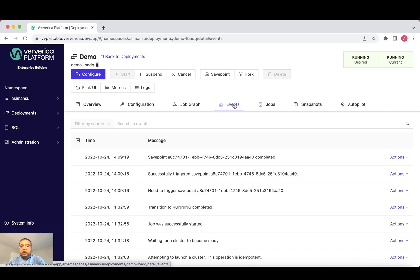You may want to supply a new job jar in order to fix a bug or increase parallelism to cope with the increased input workload. When you make a change to the deployment spec, Ververica platform will stop the current job and start a new one.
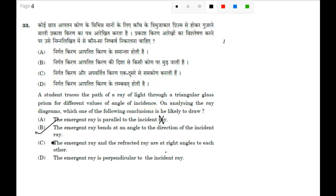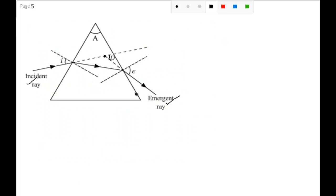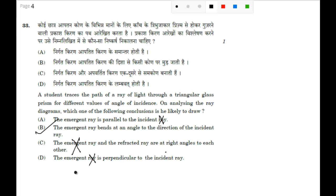So the correct option is B. The emergent ray and the refracted ray are at right angles to each other — no. The emergent ray is perpendicular to the incident ray — this is also not true, you can see here, this is not perpendicular. So the correct option is B.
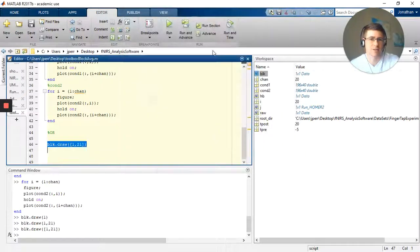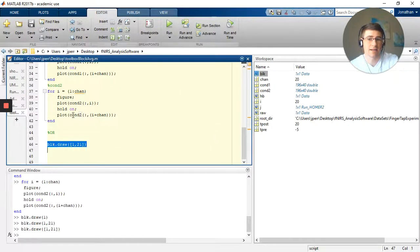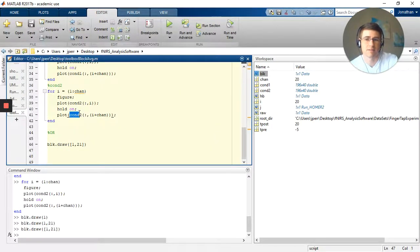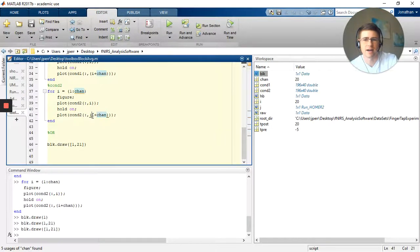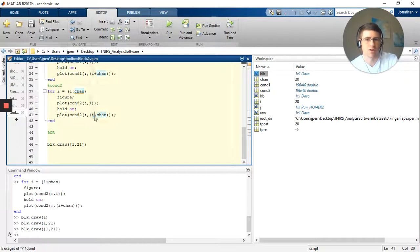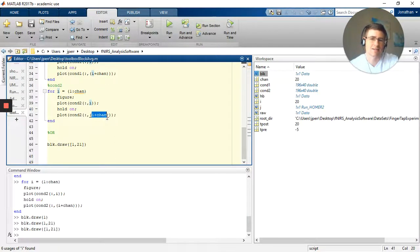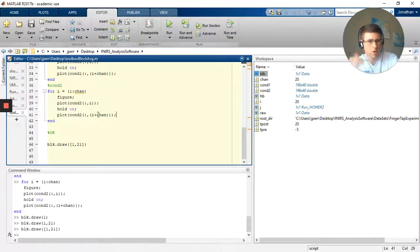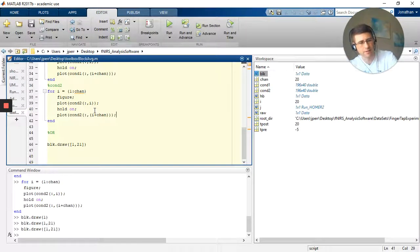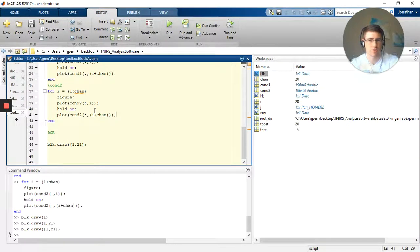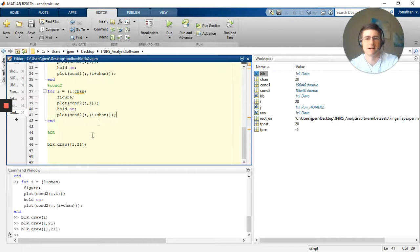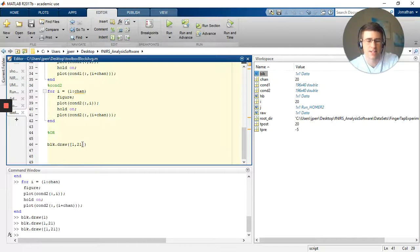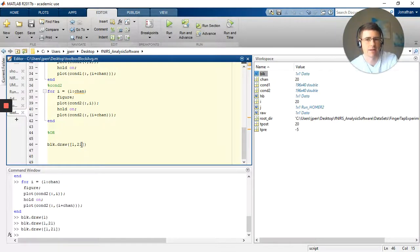So here we had i, which was the channel number, plus whatever channel it was. So it was plotting both the channel and then 20 past the channel, which would have been the matching deoxyhemoglobin. But the question is how do I get that? So that's condition one, great. But how do I get condition two? I can't just do a third dimension, it doesn't work in the toolbox.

# WHAT IS REQUIRED:
Please write out every line of the listing above exactly, and leave the images behind.

# ANSWER TO THIS TASK:
You may want to supply a new job jar in order to fix a bug or increase parallelism to cope with the increased input workload. When you make a change to the deployment spec, Ververica platform will stop the current job and start a new one.
So the correct option is B. The emergent ray and the refracted ray are at right angles to each other — no. The emergent ray is perpendicular to the incident ray — this is also not true, you can see here, this is not perpendicular. So the correct option is B.
So here we had i, which was the channel number, plus whatever channel it was. So it was plotting both the channel and then 20 past the channel, which would have been the matching deoxyhemoglobin. But the question is how do I get that? So that's condition one, great. But how do I get condition two? I can't just do a third dimension, it doesn't work in the toolbox.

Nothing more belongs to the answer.